▶ **Exercise description**
The reply to the records below should contain exactly the lines from the line with "中国移动公布提速降费新举措，可快速退订营销短信" through the line with "哈尔滨 HRB轴承 6306", and nothing besides.

▶ **Records to process**
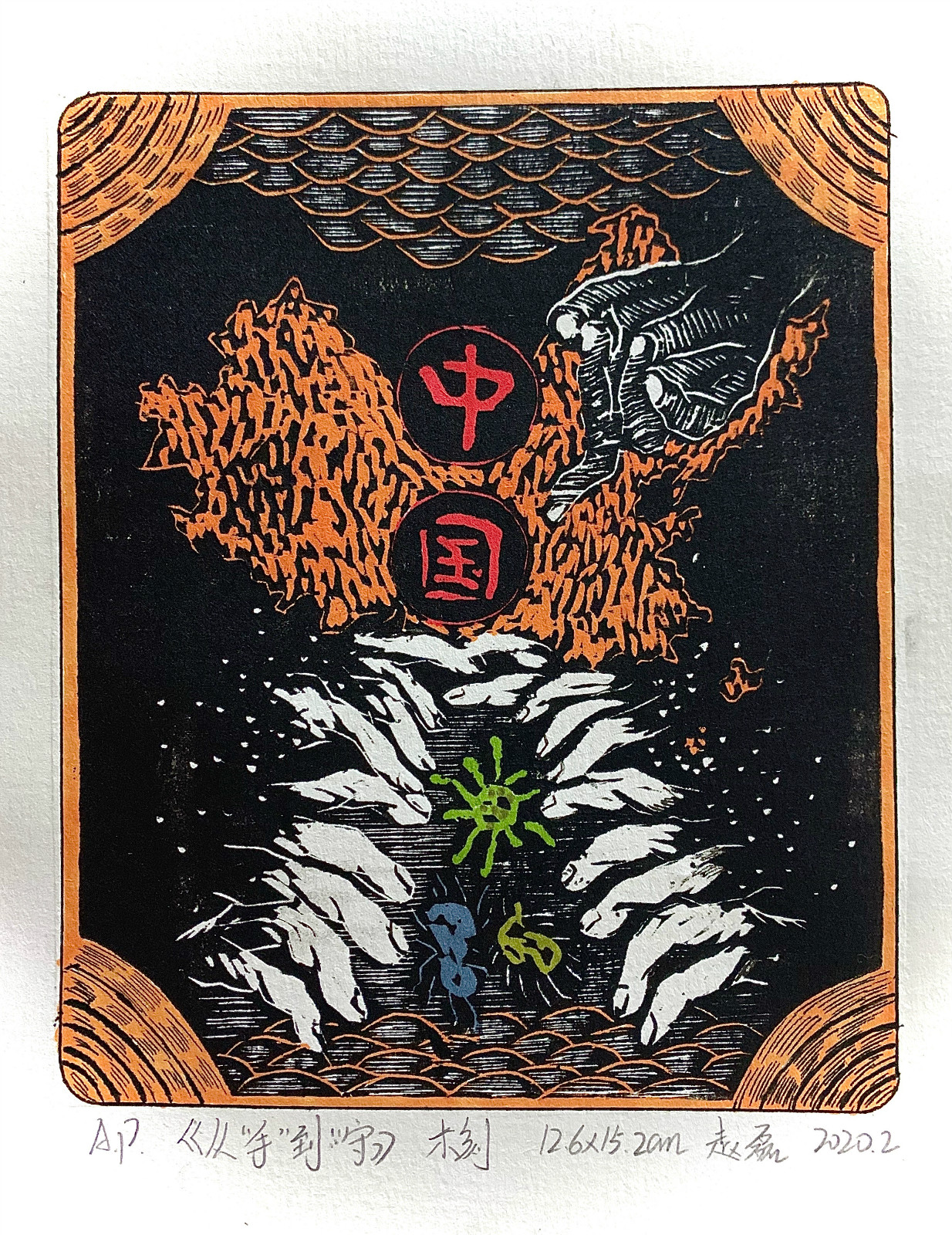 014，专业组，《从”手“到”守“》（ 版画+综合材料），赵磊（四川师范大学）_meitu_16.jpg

==

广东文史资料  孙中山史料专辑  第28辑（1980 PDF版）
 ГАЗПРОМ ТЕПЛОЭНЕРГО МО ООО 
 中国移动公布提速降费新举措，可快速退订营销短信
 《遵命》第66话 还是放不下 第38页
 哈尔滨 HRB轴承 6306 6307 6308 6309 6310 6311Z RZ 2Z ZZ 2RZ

▶ **Response for this exercise**
 中国移动公布提速降费新举措，可快速退订营销短信
 《遵命》第66话 还是放不下 第38页
 哈尔滨 HRB轴承 6306 6307 6308 6309 6310 6311Z RZ 2Z ZZ 2RZ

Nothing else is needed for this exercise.